Aim of the task
When the line with "rear view of property featuring a yard" comes up, set it down and every later line to the end of the data, exactly and without pictures.

[Given information Boundary: Start]

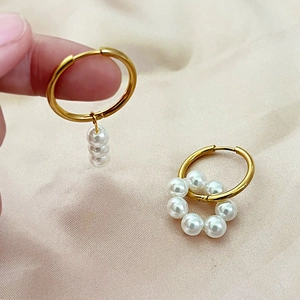 Vintage geometric titanium steel earrings with white pearls on a soft beige cloth background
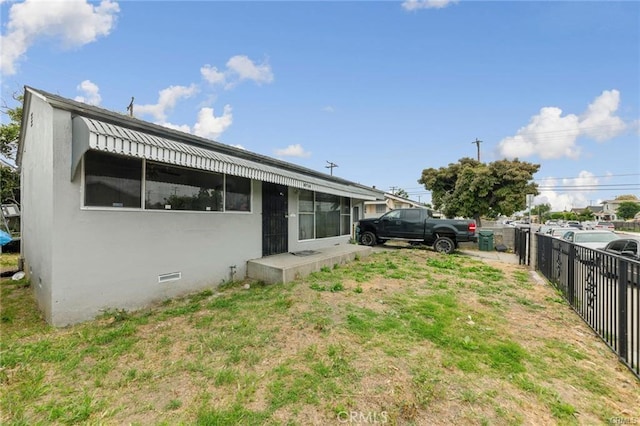 rear view of property featuring a yard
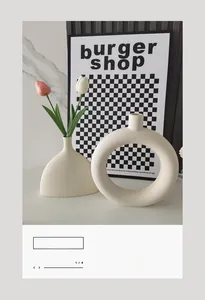 Détails de vases modernes en céramique blanche mate avec décoration de tulipes roses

[Given information Boundary: End]

Task answer
 rear view of property featuring a yard
 Détails de vases modernes en céramique blanche mate avec décoration de tulipes roses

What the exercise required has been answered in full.